Compatibility: Python 3.8.5
Libraries: numpy, pyplot, pandas, sklearn, nltk, plotly, matplolib
-
Trends in the post-pocessed dataset
┌── ProjectFigures/
│── data/
│ └── orderItems.csv
│── figures/
│ │── html_figures/
│ │── png_figures/
│ └── svg_figures/
│── functions/
│ │── clustering.py
│ │── data_preprocess.py
│ └── plotting.py
│── python_environment_req/
│ │── myenv.yml
│ └── requirements.txt
│── .gitattributes
│── README.md
│── main.py
└── main_notebook.ipynb
The dataset
- A dataset including 16.500 food orders, from 100 different pizza shops, during June – November 2019, was analysed.
- There are two columns of interest product category and product name. K-means clustering of the products was conducted using the data in both columns.
- The given problem was solved by using multiple iterations of the ‘Bag of Words’ model alongside the scikit-learn K-means clustering. The FinalResult.csv file, incudes the original dataset, plus two new columns, Predicted Product Category and Predicted Product Name.
- The orders were categorized aprropiertly, and 2 new columns were created called Predicted Product Category and Predicted Product Name.
main.py and main_notebook.ipynb scripts
- The data .csv is read as a pandas dataframe.
- The product_name and product_category_name columns of the dataframe are pre-processed using nltk. PorterStemmer.
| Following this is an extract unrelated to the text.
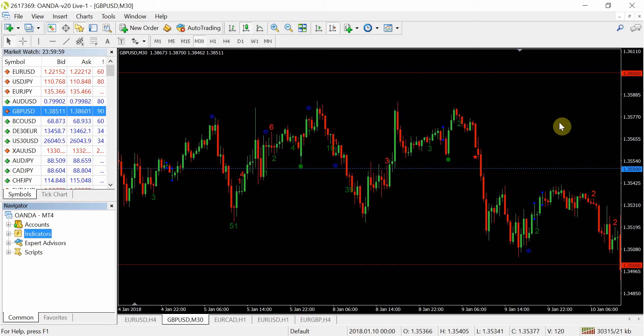Hey guys, Zoop here from OneGlanceTrader.com. In this video I want to take you into a sneak peek of the OGT Price Action Indicator version 1.2. Firstly I'd like to thank everyone that's reached out to me with their suggestions, bugs that they found, and minor changes that will make the indicator perform better and give better signals. I've tried to take as much feedback on board as possible — I've got pages and pages of notes on how to make this indicator better.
- A finalised dataframe with 4 coluns are created.
# Read original dataset
original_dataset = pd.read_csv('data/orderItems.csv')
# Get product_category and product name
testset = original_dataset.iloc[0:len(original_dataset), [7,11]].values
corpusname = stopwords_n_stemming(testset[:,0])
corpuscat = stopwords_n_stemming(testset[:,1])
# Creating a pd DataFrame with original index, product category, name and price
dataset = original_dataset.iloc[0:len(testset), [9]]
indexx=list(range(0, len(testset)))
dataset.insert(0, "original index", indexx, True)
dataset.insert(1, "product_category_name", corpuscat, True)
dataset.insert(2, "product_name", corpusname, True)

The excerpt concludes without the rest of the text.